How elegant his hands were with the long bones and tendons. The heavy signet on his left ring finger was so loose that the seal had slipped round. ‘No,’ Julia admitted. ‘I have not. No great faith, would perhaps be truer.’ The doctors had done little enough for Papa, for all their certainties.

‘You seem to understand that speaking about problems is a relief after everyone pretending there is nothing wrong.’ He looked away from the fire and into her eyes and for a moment she thought the flames still danced in that intent gaze.

Jonathan’s beautiful blue gaze was always impenetrable, as though it was stained glass she was looking at. This man’s eyes were windows into his soul and a very unpleasant place it seemed to be, she thought with a shiver at her Gothic imaginings.

‘Would it help to confide your story in a total stranger? One who will take it to—’ He broke off. ‘One who will respect your confidence.’

Take it to the grave. He was no priest bound to silence, she could hardly confess to her actions and expect him to keep the secret, but perhaps talking would help her find some solution to the problem of what she could possibly do now.

‘My father was a gentleman farmer,’ Julia began. She sat back in the chair and found she could at least begin as though she was telling a story from a book. The hound circled on the hearth rug, sighed and lay down with her head on her master’s foot as if she, too, was settling to listen to the tale. ‘My mother died when I was fifteen and I have no brothers or sisters, so I became my father’s companion: I think he forgot most of the time that I was a girl. I learned everything he could teach me about the estate, the farm, even purchasing stock and selling produce.
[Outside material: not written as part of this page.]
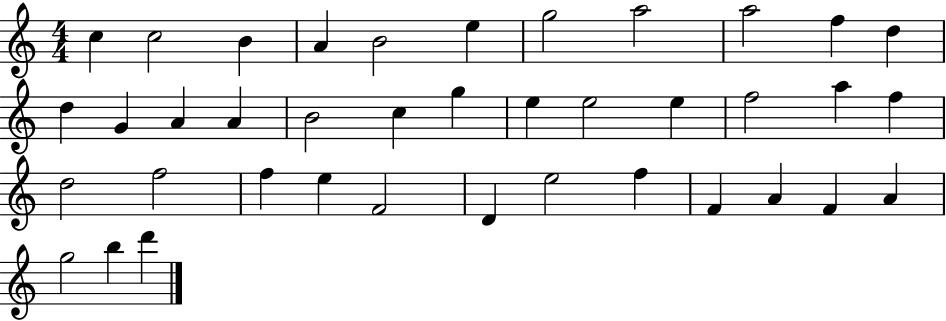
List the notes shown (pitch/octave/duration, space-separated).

C5/q C5/h B4/q A4/q B4/h E5/q G5/h A5/h A5/h F5/q D5/q D5/q G4/q A4/q A4/q B4/h C5/q G5/q E5/q E5/h E5/q F5/h A5/q F5/q D5/h F5/h F5/q E5/q F4/h D4/q E5/h F5/q F4/q A4/q F4/q A4/q G5/h B5/q D6/q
‘Then, four years ago, he suffered a stroke. At first there was talk of employing a steward, but Papa realised that I could do the job just as well—and that I loved the place in a way that an employee never would. So I took over. I thought there was no reason why we could not go on like that for years, but last spring he died, quite suddenly in his sleep, and my Cousin Arthur inherited.’
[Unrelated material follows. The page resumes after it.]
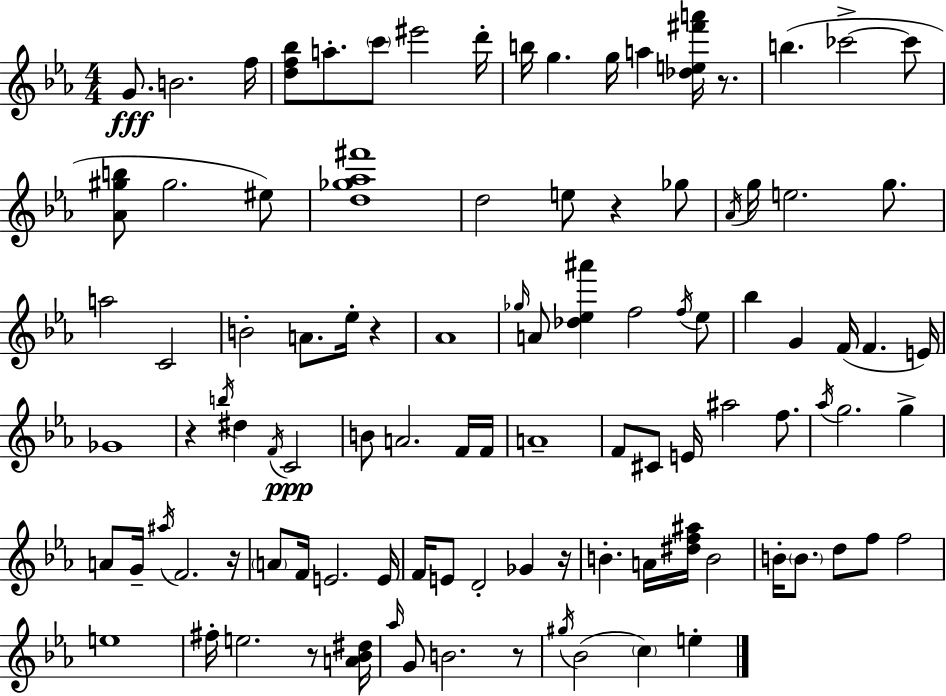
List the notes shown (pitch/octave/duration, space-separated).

G4/e. B4/h. F5/s [D5,F5,Bb5]/e A5/e. C6/e EIS6/h D6/s B5/s G5/q. G5/s A5/q [Db5,E5,F#6,A6]/s R/e. B5/q. CES6/h CES6/e [Ab4,G#5,B5]/e G#5/h. EIS5/e [D5,Gb5,Ab5,F#6]/w D5/h E5/e R/q Gb5/e Ab4/s G5/s E5/h. G5/e. A5/h C4/h B4/h A4/e. Eb5/s R/q Ab4/w Gb5/s A4/e [Db5,Eb5,A#6]/q F5/h F5/s Eb5/e Bb5/q G4/q F4/s F4/q. E4/s Gb4/w R/q B5/s D#5/q F4/s C4/h B4/e A4/h. F4/s F4/s A4/w F4/e C#4/e E4/s A#5/h F5/e. Ab5/s G5/h. G5/q A4/e G4/s A#5/s F4/h. R/s A4/e F4/s E4/h. E4/s F4/s E4/e D4/h Gb4/q R/s B4/q. A4/s [D#5,F5,A#5]/s B4/h B4/s B4/e. D5/e F5/e F5/h E5/w F#5/s E5/h. R/e [A4,Bb4,D#5]/s Ab5/s G4/e B4/h. R/e G#5/s Bb4/h C5/q E5/q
She would not cry, she had got past that. Just as long as the baron did not try to sympathise: she could not cope with sympathy. Instead he said, ‘And there was no young man to carry you off?’

‘I had been too busy being a farmer to flirt with young men.’ He had seen, and heard, enough of her now to understand the other reasons no-one had come courting. She was hardly a beauty. She was too tall. And too assertive, too outspoken. Unladylike hoyden, Cousin Jane called her. A managing, gawky blue-stocking female with no dowry, that was what Jonathan had flung at her. He was obviously correct about her lack of attraction—it was quite clear in retrospect that she had been a complete failure in his bed.
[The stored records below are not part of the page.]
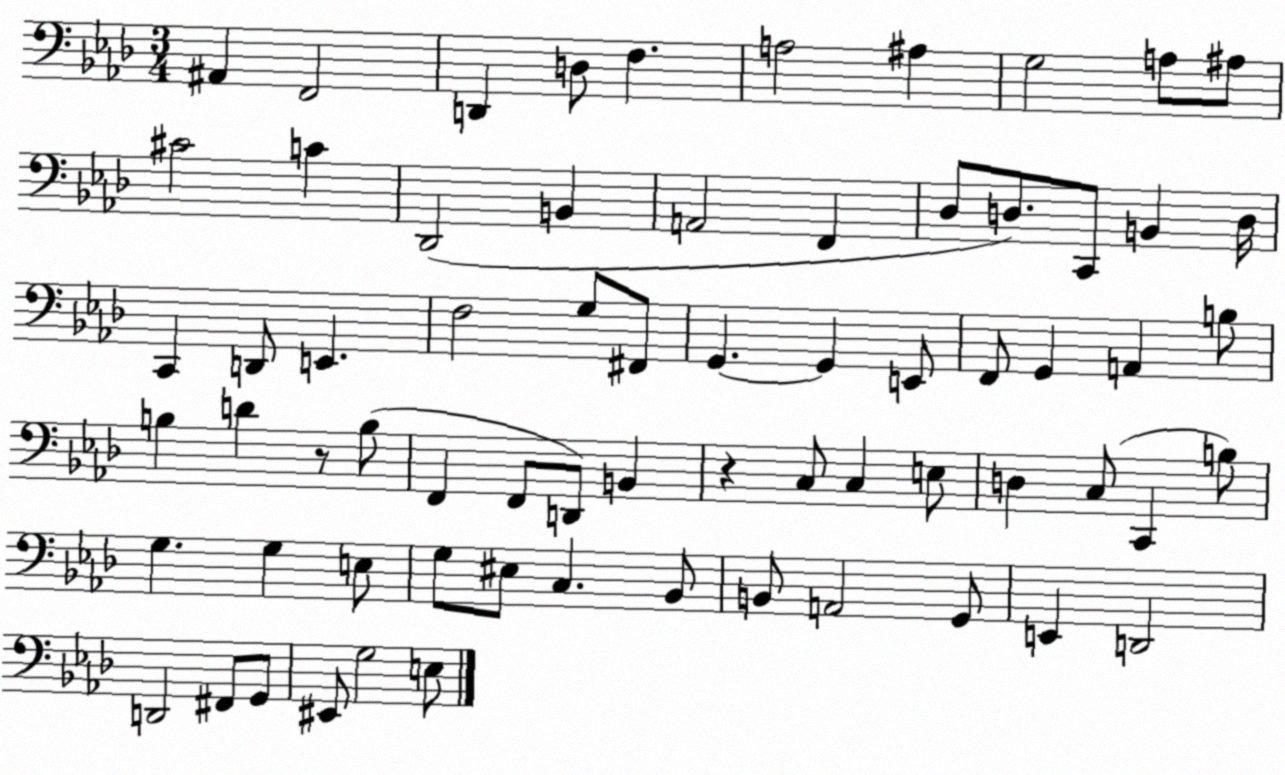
X:1
T:Untitled
M:3/4
L:1/4
K:Ab
^A,, F,,2 D,, D,/2 F, A,2 ^A, G,2 A,/2 ^A,/2 ^C2 C _D,,2 B,, A,,2 F,, _D,/2 D,/2 C,,/2 B,, D,/4 C,, D,,/2 E,, F,2 G,/2 ^F,,/2 G,, G,, E,,/2 F,,/2 G,, A,, B,/2 B, D z/2 B,/2 F,, F,,/2 D,,/2 B,, z C,/2 C, E,/2 D, C,/2 C,, B,/2 G, G, E,/2 G,/2 ^E,/2 C, _B,,/2 B,,/2 A,,2 G,,/2 E,, D,,2 D,,2 ^F,,/2 G,,/2 ^E,,/2 G,2 E,/2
‘My cousins allowed me to stay because I had nowhere else to go, but it was unsuitable for me to take any interest in the estate, they said, and besides, they made it very clear that it was no longer any of my business. Cousin Jane found me useful as a companion,’ she added, hearing the flatness in her own voice. A drudge, a dogsbody, the poor relation kept under their roof to make them appear charitable.

‘But then it changed?’

‘They must have grown tired of supporting me, I suppose. Of the cost, however modest, and tired too of my interference in estate matters. There was a man—I think they intended to make it worth his while to take me off their hands. He did not offer marriage.’

* * *

A squalid story, Will thought as Miss Prior ran out of words. Those lips, made for smiles, were tight, and she had coloured painfully. It was unwise of her to flee her home, but the alternative seemed appalling and few unprotected young women would have had the resolution to act as she had done. ‘You ran away, eventually found yourself in my parkland and the rest we know,’ he finished for her.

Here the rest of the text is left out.